*** Given data Section Begins ***

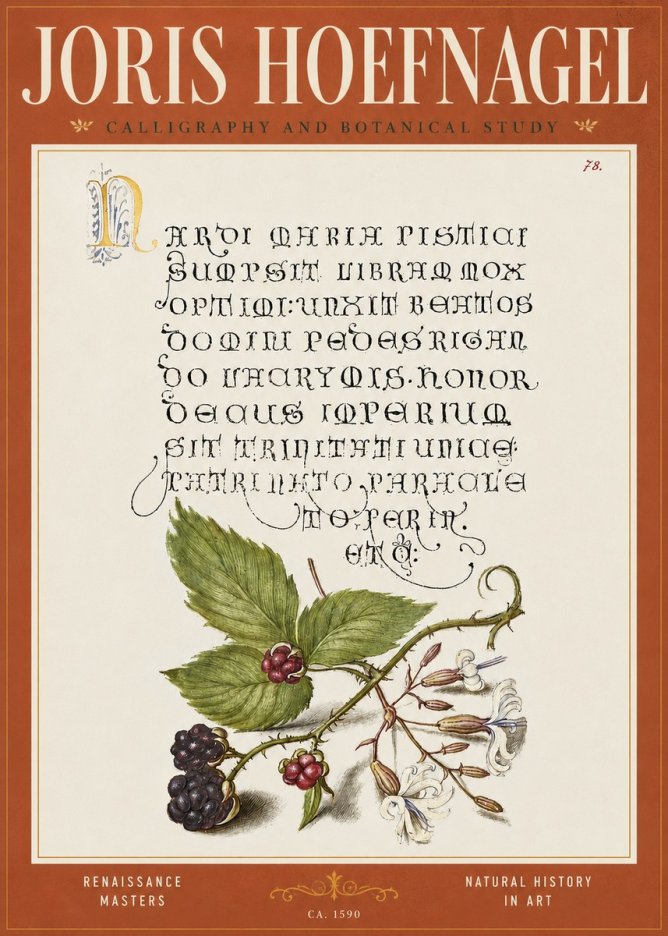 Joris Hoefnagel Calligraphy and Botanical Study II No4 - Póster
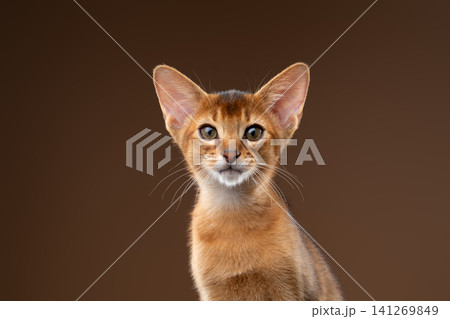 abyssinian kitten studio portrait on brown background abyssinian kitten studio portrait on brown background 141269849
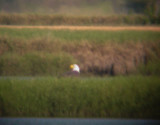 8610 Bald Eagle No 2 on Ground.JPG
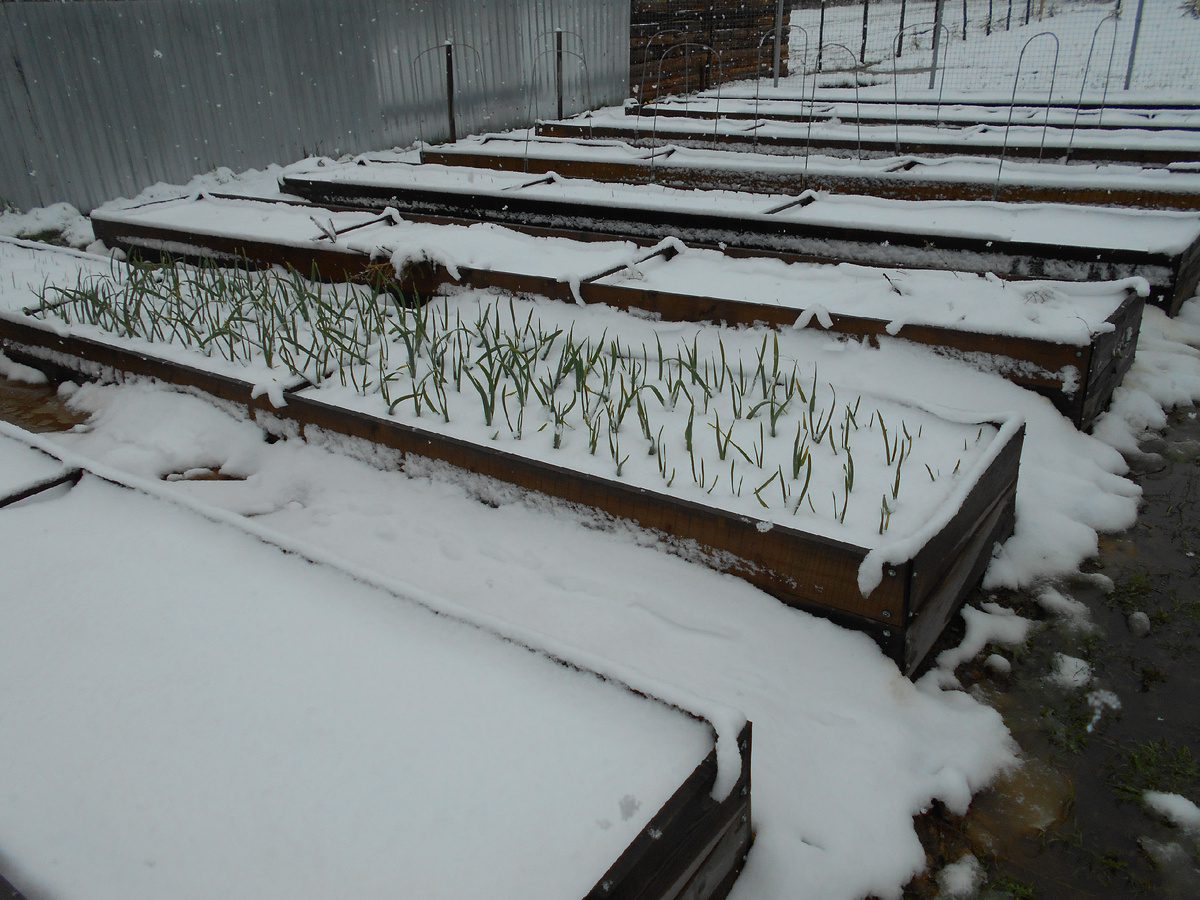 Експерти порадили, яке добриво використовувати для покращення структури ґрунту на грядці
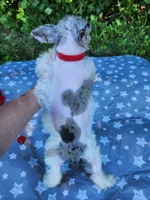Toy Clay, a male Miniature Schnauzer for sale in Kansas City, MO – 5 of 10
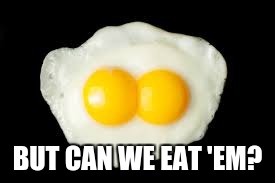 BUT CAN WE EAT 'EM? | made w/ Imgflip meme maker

*** Given data Section Ends ***
*** Given data Section Begins ***

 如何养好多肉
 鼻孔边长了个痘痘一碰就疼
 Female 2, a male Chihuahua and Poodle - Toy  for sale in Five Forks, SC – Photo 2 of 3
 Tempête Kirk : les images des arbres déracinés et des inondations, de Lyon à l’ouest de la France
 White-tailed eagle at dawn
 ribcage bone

*** Given data Section Ends ***
*** Given data Section Begins ***

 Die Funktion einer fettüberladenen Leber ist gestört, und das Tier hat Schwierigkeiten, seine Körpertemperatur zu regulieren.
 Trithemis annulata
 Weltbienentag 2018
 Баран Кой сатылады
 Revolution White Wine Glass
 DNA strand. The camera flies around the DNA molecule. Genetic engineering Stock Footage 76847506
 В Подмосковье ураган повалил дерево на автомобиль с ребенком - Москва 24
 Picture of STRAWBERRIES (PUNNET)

*** Given data Section Ends ***

> [Work required]:
Copy out all lines of the listing where the word "White" appears.

> [Completed exercise]:
 White-tailed eagle at dawn
 Revolution White Wine Glass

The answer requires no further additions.